General Terms And Conditions

Standard Business Terms and customer information

I. Standard business terms

§ 1 Basic provisions

(1) The following business terms are applicable to all the contracts, which you conclude with us as a supplier (LTP Litschka GmbH & Co. KG) via the www.racefoxx.com website. Unless otherwise agreed upon, the inclusion, if necessary, of your own conditions is ruled out.

(2)  A ‘consumer’ in the sense of the following regulations is every natural person who concludes a legal transaction which, to an overwhelming extent, cannot be attributed to either his commercial or independent professional activities.

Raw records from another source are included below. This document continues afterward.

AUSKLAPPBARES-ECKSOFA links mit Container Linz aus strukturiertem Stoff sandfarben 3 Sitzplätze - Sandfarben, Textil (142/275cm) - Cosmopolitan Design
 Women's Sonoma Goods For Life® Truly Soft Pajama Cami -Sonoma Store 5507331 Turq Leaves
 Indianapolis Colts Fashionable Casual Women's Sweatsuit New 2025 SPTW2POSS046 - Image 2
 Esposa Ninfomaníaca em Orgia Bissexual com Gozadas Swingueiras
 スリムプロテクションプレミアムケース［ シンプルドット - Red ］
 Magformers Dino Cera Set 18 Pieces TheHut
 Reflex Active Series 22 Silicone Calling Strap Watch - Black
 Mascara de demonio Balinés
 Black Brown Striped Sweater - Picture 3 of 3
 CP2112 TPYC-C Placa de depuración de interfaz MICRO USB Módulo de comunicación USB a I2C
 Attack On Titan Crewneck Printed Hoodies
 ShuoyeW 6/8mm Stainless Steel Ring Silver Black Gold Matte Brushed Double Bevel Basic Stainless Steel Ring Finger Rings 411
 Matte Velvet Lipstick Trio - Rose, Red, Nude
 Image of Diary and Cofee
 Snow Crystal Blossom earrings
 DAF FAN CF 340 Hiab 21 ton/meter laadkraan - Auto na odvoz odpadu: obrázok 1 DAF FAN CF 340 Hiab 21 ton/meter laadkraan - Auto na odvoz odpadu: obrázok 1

The term ‘businessman’ refers to every natural person, legal person or legally responsible partnership that concludes a legal transaction in pursuance of his/its independent professional or commercial activity.

§ 2 Conclusion of the contract

(1) The subject-matter of the contract is the selling of products .

(2) On placing the product in question on our website, we provide you with a binding offer to conclude a sales agreement subject to the conditions specified in the item description.

(3) The purchase agreement takes place via the online shopping cart system as follows:
The products intended for purchase are moved to the "shopping cart". You can select the shopping cart using the appropriate buttons on the navigation bar and make changes there at any time.
After calling up the “Checkout” page and entering the required personal data and payment and shipping conditions, all order information is then displayed again on the order summary page.

If you used an instant payment system (e.g. PayPal / PayPal Express, Amazon-Payments, Sofort) to receive payments, you will either be guided to our online shop on the order summary page or forwarded to the web page of the instant payment provider.
If you are forwarded to the instant payment system, choose and enter your details as appropriate. You will then be returned to the order summary page in our online shop.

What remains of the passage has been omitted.